Chinese economist and educator (1925–2019)

Wei Xinghua (卫兴华; October 1925 – 6 December 2019) was a Chinese economist and educator. He specialized in the study of capital and contributed to the "sinicization" of Marxist political economy. He served as professor and chair of the Department of Economics of Renmin University of China and was awarded the national honorary title of "People's Educator" in 2019.

== Biography ==
Wei was born October 1925 into a peasant family in Wutai County, Shanxi, Republic of China, and grew up during the Second Sino-Japanese War. He joined the underground Communist movement in 1946 and became a member of the Chinese Communist Party a year later. He and two colleagues were once arrested by the Kuomintang government, but were released due to lack of evidence.
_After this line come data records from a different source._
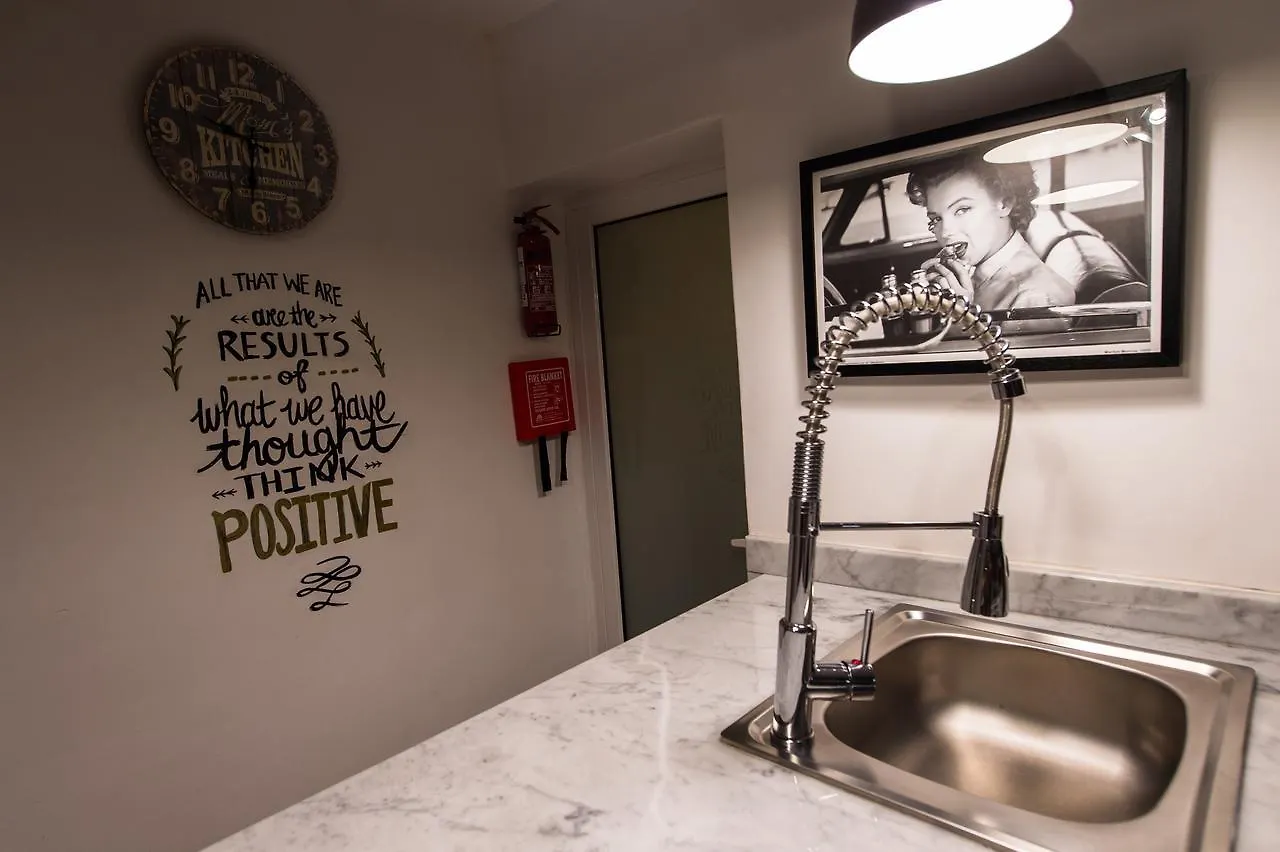 Backstage Boutique Music Themed Townhouse Hotel Sliema 0*,  Malta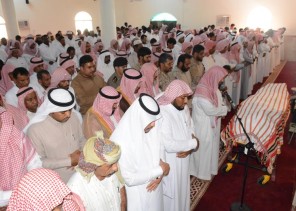 وكيل محافظة صامطة يؤدي صلاة الميت على شهيد الواجب الجندي “المحنشي “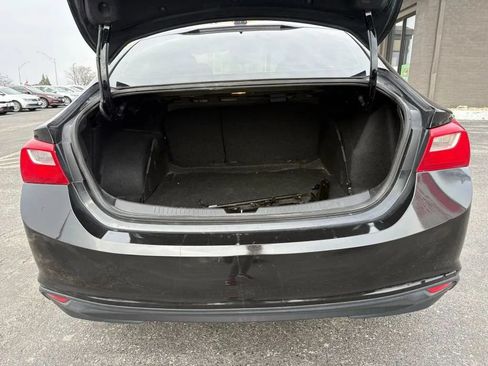 Used 2016 Chevrolet Malibu LT FWD image 9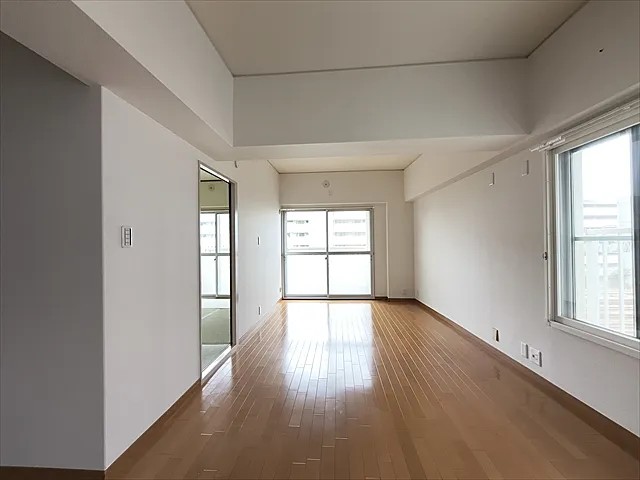 芦屋シティハイツの居間写真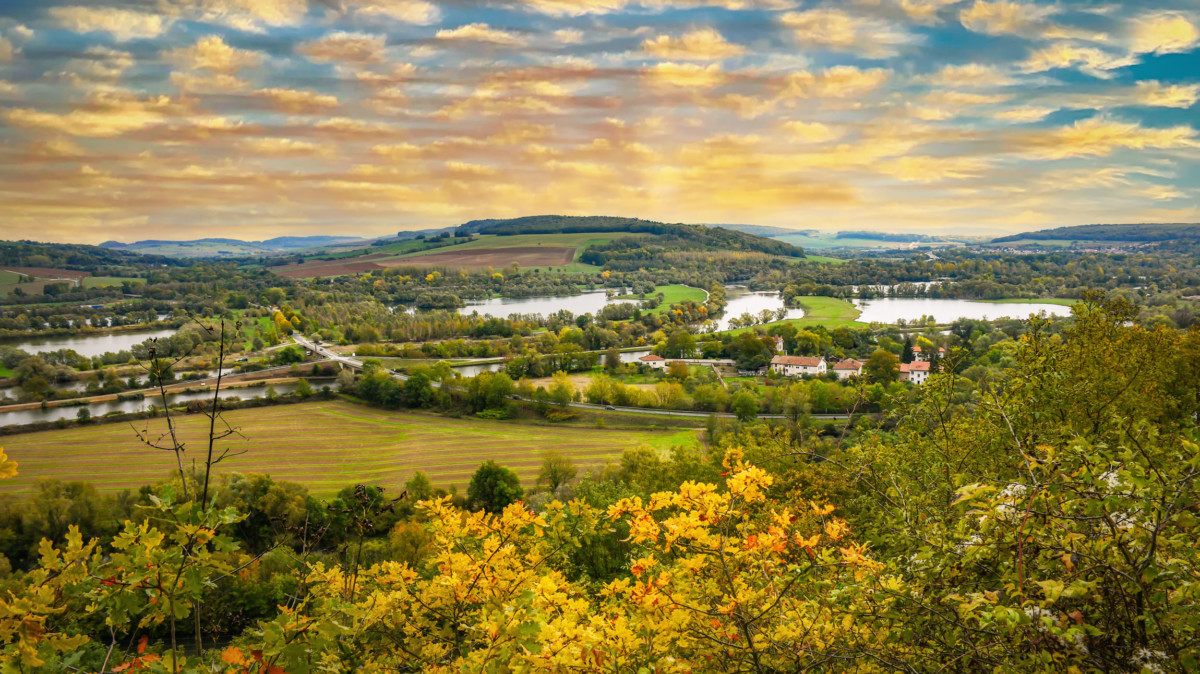 The Moselle near Dieulouard © French Moments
He subsequently fled to Beijing, whereas his two colleagues were later rearrested and executed.

Wei studied at North China University (later renamed as Renmin University of China). Upon graduating from Renmin University's graduate program in economics in 1952, he stayed at the university as a faculty member. He later became professor and chair of Renmin University's economics department. He specialized in the study of capital and was credited for his contributions to the "sinicization of Marxist political economy". In 1986, he advocated giving enterprises more freedom to determine their own objectives, which won the support of many other economists.

Wei published more than 40 books and over 1000 research papers and other articles. He was the chief editor of the textbook Principles of Political Economy (政治经济学原理), one of the most widely used textbooks in China. He proposed influential theories regarding the commodity economy and multiple elements of productivity. He was twice awarded the Sun Yefang Economics Prize for Outstanding Research Papers. Although Chinese media often described him as an "authority" or "master" in economics, he rejected such accolades and proclaimed that China did not have any world-class "authority" or "master" in economics.

During the celebrations for the 70th anniversary of the People's Republic of China, President Xi Jinping awarded Wei the National Honorary Title of "People's Educator" on 29 September 2019, although Wei was unable to attend the award ceremony due to poor health.

Wei died on 6 December 2019 in Beijing, aged 94.